It prompted racial tensions to explode across the country, with thousands taking to the streets to demand a change in American policing. But many have been met with tear gas, rubber bullets and pepper spray, which the United Nations has described as an “unnecessary and disproportionate use of force”.

Even journalists have been caught in the crossfire, with the UN having received more than 200 reports of reporters being physically attacked, intimidated or arbitrarily arrested, despite their press credentials being clearly visible.

The UN’s High Commissioner for Human Rights, Michelle Bachelet, said: “What has been happening is an unprecedented assault on journalists. In some cases, they have been attacked or even arrested while on air.

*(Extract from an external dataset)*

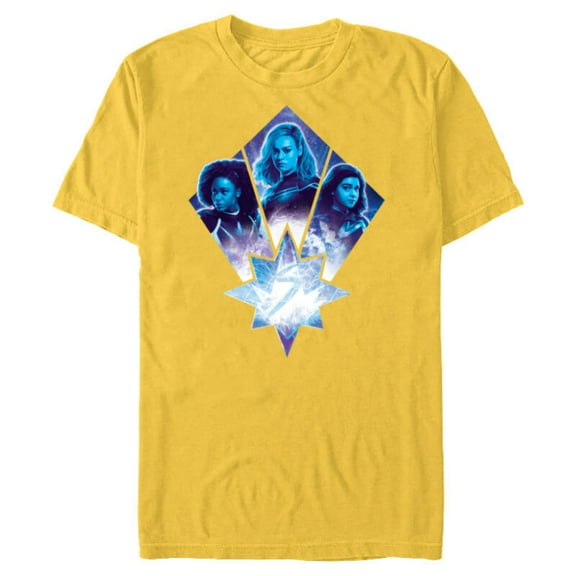 Marvel Studios The Marvels Photon Captain Marvel Ms. Marvel - Short Sleeve Blended T-Shirt for Adults - Customized-Yellow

It is all the more shocking given that freedom of expression and of the media are fundamental principles in the US, central to the country’s identity.”

But having purchased almost £6bn of arms from the UK since 2010, it has emerged that much of the equipment used against demonstrators in the US could be British-made.

Amongst the billions of pounds’ worth of equipment sold to the US is £18m of ammunition, including tear gas and “crowd control ammunition” which has been sold through two open licences — meaning the value of the exports is not made public and neither are the details of who it has been sold to. 


Byline Times has previously revealed that a similar licence was used to export equipment to the Chilean government amid widespread protests over inequality that saw unarmed protesters violently attacked by law enforcement.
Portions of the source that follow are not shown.